> [WHAT THIS TASK INVOLVES]: Repeat all the lines below exactly, but omit the pictures.

> [SOURCE DATA]:
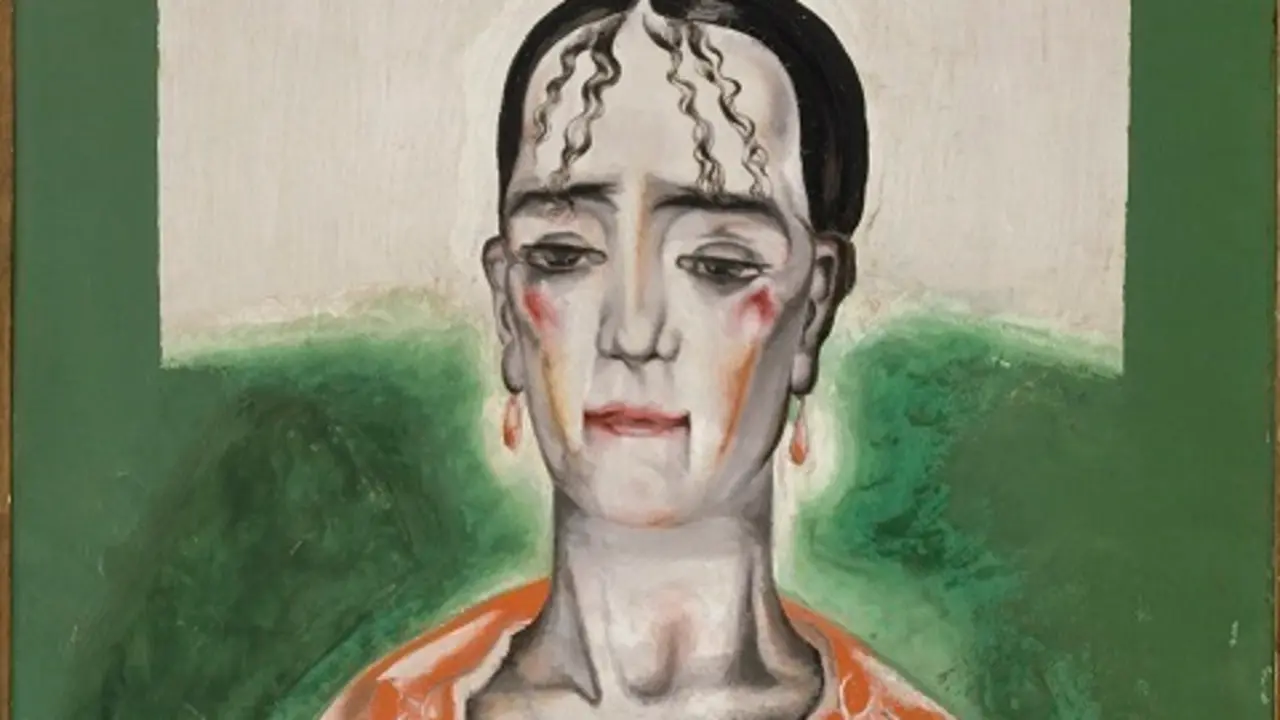 Maria Blanchard (1881-1932). "L'Espagnole", vers 1910-1913. Paris, mus&eacute;e d'Art moderne.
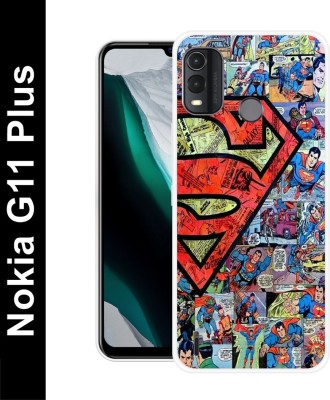 Artage Back Cover for Nokia G11 plus(Multicolor, Dual Protection, Silicon, Pack of: 1)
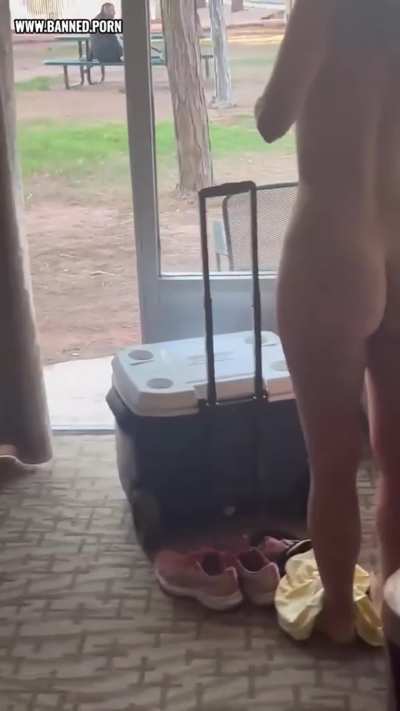 Honey Moon Exhibitionist Wife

> [TASK SOLUTION]:
 Maria Blanchard (1881-1932). "L'Espagnole", vers 1910-1913. Paris, mus&eacute;e d'Art moderne.
 Artage Back Cover for Nokia G11 plus(Multicolor, Dual Protection, Silicon, Pack of: 1)
 Honey Moon Exhibitionist Wife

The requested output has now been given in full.